D. La legge Cirinnà arriva dopo 30 anni dalla prima volta che l’Italia ha affrontato la questione delle unioni gay in parlamento. Molte persone, però, sono morte in loro attesa, sebbene si siano battute per ottenerle. Come ti spieghi questo ritardo giuridico? Si può dare davvero solo la colpa alla presenza del Vaticano?
R. Il ritardo giuridico è per quello che ho detto prima, per il medioevo che incombe sul tema omosessualità e non solo. L’estremizzazione politica poi dei ruoli, del maschio e della femmina, specie nel corso del Fascismo, ha creato un abisso, uno squarcio nel concetto di identità di genere, di appartenenza a un genere; la Chiesa ha detto anche la sua, e basti pensare ai passi del Catechismo in cui si parla di omosessualità come disordine e all’omosessuale come soggetto verso cui provare compassione.  Il problema è culturale in Italia, quindi non riguarda solo la sfera religiosa.

D. Torniamo al romanzo. Usi una scrittura ricercata per una struttura narrativa diretta, priva di fronzoli e a tratti essenziale. In un momento in cui i romanzi appartenenti alla letteratura omosessuale soffrono i giudizi negativi di chi legge soltanto un certo tipo di letteratura di importazione, pensi che il tuo Ga(y)o possa subire le stesse stroncature di cui sono stati “vittima” altri romanzi del genere?
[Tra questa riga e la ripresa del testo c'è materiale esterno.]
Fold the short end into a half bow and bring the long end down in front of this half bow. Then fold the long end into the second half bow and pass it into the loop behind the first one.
R. Oddio spero di no. Ma non perché il mio romanzo sia il romanzo di letteratura omosessuale del momento. Magari non piacerà a qualcuno, ma questo per qualsiasi opera e qualsiasi forma d’arte; io ho cercato di raccontare una storia, che è la storia di molti, e soprattutto una storia italiana; credo che noi italiani vantiamo una letteratura omosessuale di grande valore narrativo e sociale, che non ha nulla da invidiare a quella internazionale, basti pensare a Tondelli, Siti, Busi, Pasolini, e già ho la pelle d’oca. Ho scritto questo romanzo per i giovani, per le loro famiglie, per le loro scuole, perché si possa parlare incondizionatamente di amore.
  Continua sotto...

D. Per concludere, cosa speri resti nel lettore della storia di Gaio?
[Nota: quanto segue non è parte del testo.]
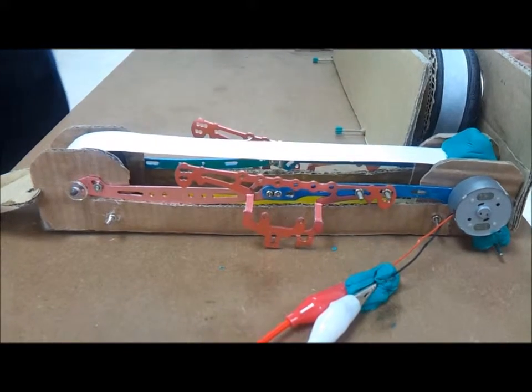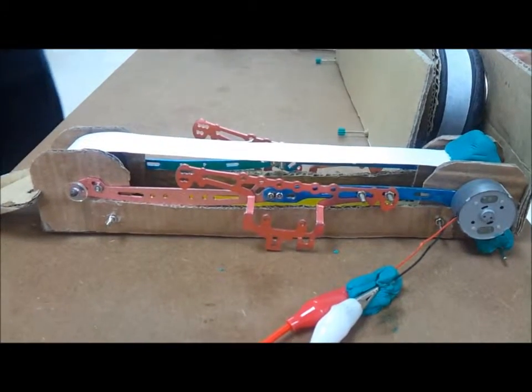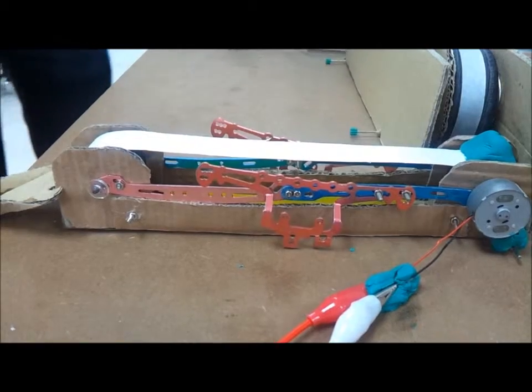Next we can see the second conveyor belt controlled by the DC motor move the object from one station to another station. This is how it works.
R. Ga(y)o è un percorso. Un percorso verso la felicità, la gaiezza appunto. Un percorso fatto di soste, per poi ripartire. In Gaio e Tom, i due protagonisti, ogni sosta è conoscenza, di se stessi, degli altri, della realtà. Ogni sosta viene effettuata a un’età diversa e dura un attimo, o un giorno, o un mese, o uno o più anni. Ogni sosta diviene stupore, sorpresa, incredulità, meraviglia, leggerezza, pesantezza, ironia, sarcasmo. Sia che la sosta dia gioia o lasci amarezza, loro sentono la necessità di riprendere a camminare, di conoscere. Ga(y)o è un moto. La regolarità di questo percorso a cielo aperto, è la voglia di vivere. Gaio e Tom vivono ogni sosta e ogni ripartenza, per questo conosceranno la felicità. La loro omosessualità è soltanto la strada del tragitto. Il lettore attraversando le parole avrà la possibilità di camminare a loro fianco.